Heinz Friedrich Ruppert Riesenhuber (born 1 December 1935) is a German politician (CDU) who served as Minister of Scientific Research under Chancellor Helmut Kohl from 1982 to 1993.

Life and education
Riesenhuber received his high school diploma (Abitur) in 1955 in Frankfurt am Main. He studied economics and chemistry until 1961. He had a scholarship of the catholic Cusanuswerk. From 1962 he worked for four years as a researcher in the department of chemistry at the Johann Wolfgang Goethe-Universität and earned a Doctorate degree in chemistry in 1965.

From 1966 to 1982 he worked for Metallgesellschaft AG, Frankfurt am Main. Within the Metallgesellschaft Group, he was CEO for the subsidiary "Erzgesellschaft mbH" (from 1968), and from 1971 to 1982 Chief technical officer of "Synthomer Chemie GmbH", another subsidiary.

He was co-president of the German-Japanese Cooperation Council for High-technology and Environmental Technology DJR in Bonn. Snce 1995 he is honorary professor at the University of Frankfurt and president of the German Parliamentary Union (Deutsche Parlamentarischen Gesellschaft) since 2006.
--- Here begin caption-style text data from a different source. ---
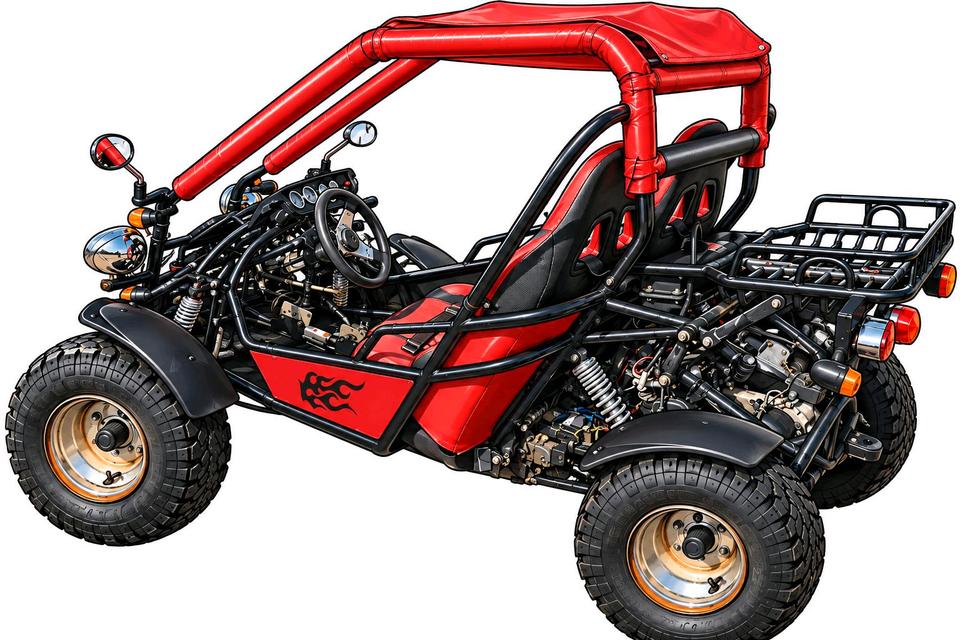 Kinroad Sahara 150ccm Buggy 2006 — авто для ЗСУ з Європи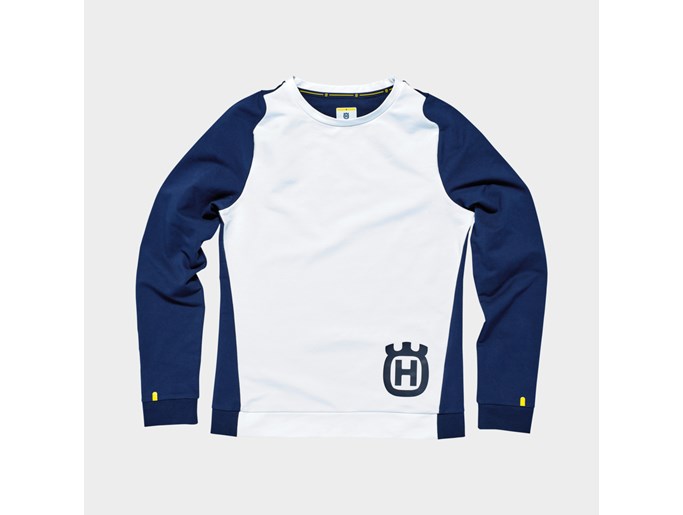 Husqvarna inventor dam tröja vit blå långärm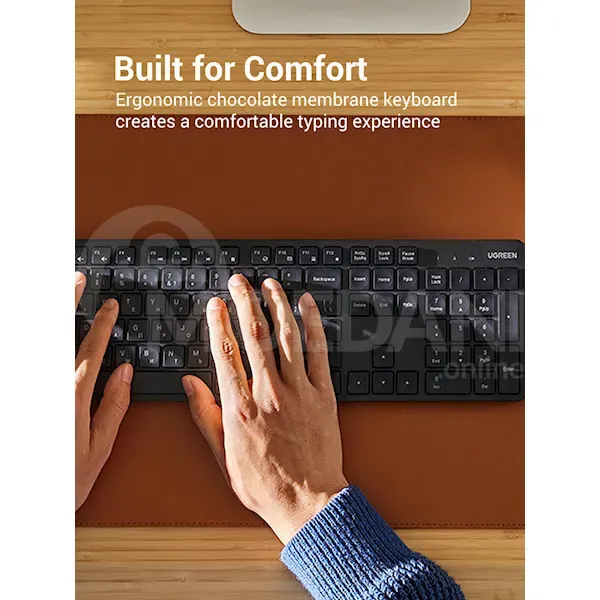 კლავიატურა და მაუსი Ugreen Mk004 (15104), უსადენო, USB თბილისი - photo 7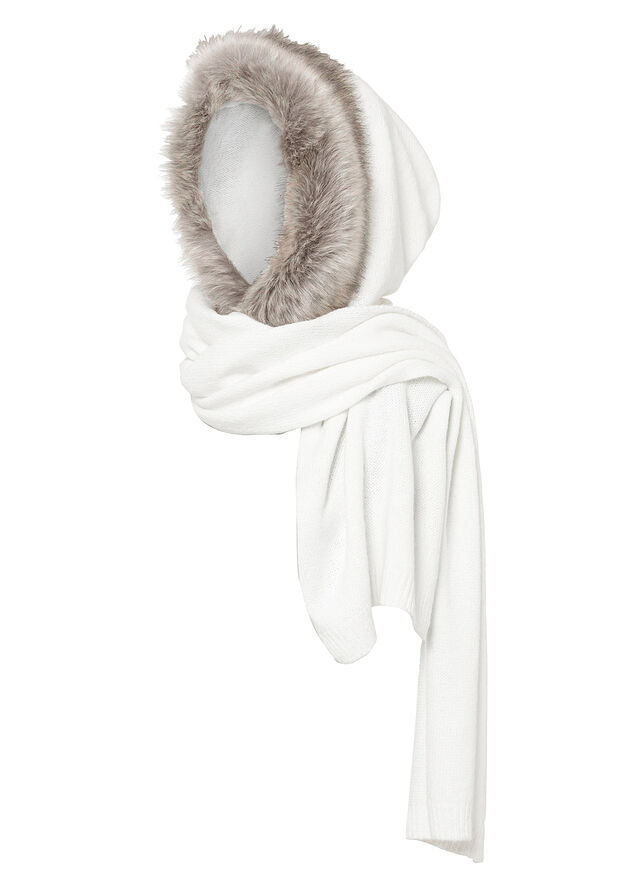 Cuello bufanda Blanco lana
Riesenhuber is a member of several governing boards and advisory committees of German and foreign companies and institutes. He lives in Frankfurt-Unterliederbach, is married and has four children.

Political career
Riesenhuber became a member of the Christian Democratic Union (CDU) in 1961. Between 1965 and 1969 he was head of the youth organization of CDU (Junge Union) in Hessen. He was chairman of CDU Frankfurt from 1973 to 1978. In 1979 he was elected as a chairman of CDU district Untermain (now FrankfurtRheinMain).
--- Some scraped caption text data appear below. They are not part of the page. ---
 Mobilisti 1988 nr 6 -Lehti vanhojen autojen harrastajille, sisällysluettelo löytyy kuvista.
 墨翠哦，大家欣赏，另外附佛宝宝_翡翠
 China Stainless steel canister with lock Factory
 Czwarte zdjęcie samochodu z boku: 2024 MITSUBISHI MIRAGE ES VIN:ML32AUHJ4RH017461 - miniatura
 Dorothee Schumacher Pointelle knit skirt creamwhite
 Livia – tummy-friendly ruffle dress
From 1976 to 2017, he served as a member of the federal German legislature, the Bundestag. At first he was elected via the Landesliste ("state list"), then from 1980 he represented the electoral district Frankfurt am Main I - Main-Taunus and since 2002 the district Main-Taunus. This period of over 40 years has made him the third-longest member, after Wolfgang Schäuble and Richard Stücklen. In the elections of 2009 he attained 47,5 % of the votes, in 2013 52,5 %.

On 4 October 1982 he was appointed Minister of Scientific Research by chancellor Helmut Kohl. He served as such until 21 January 1993. During this time he supported the Transrapid and the wind turbine Growian.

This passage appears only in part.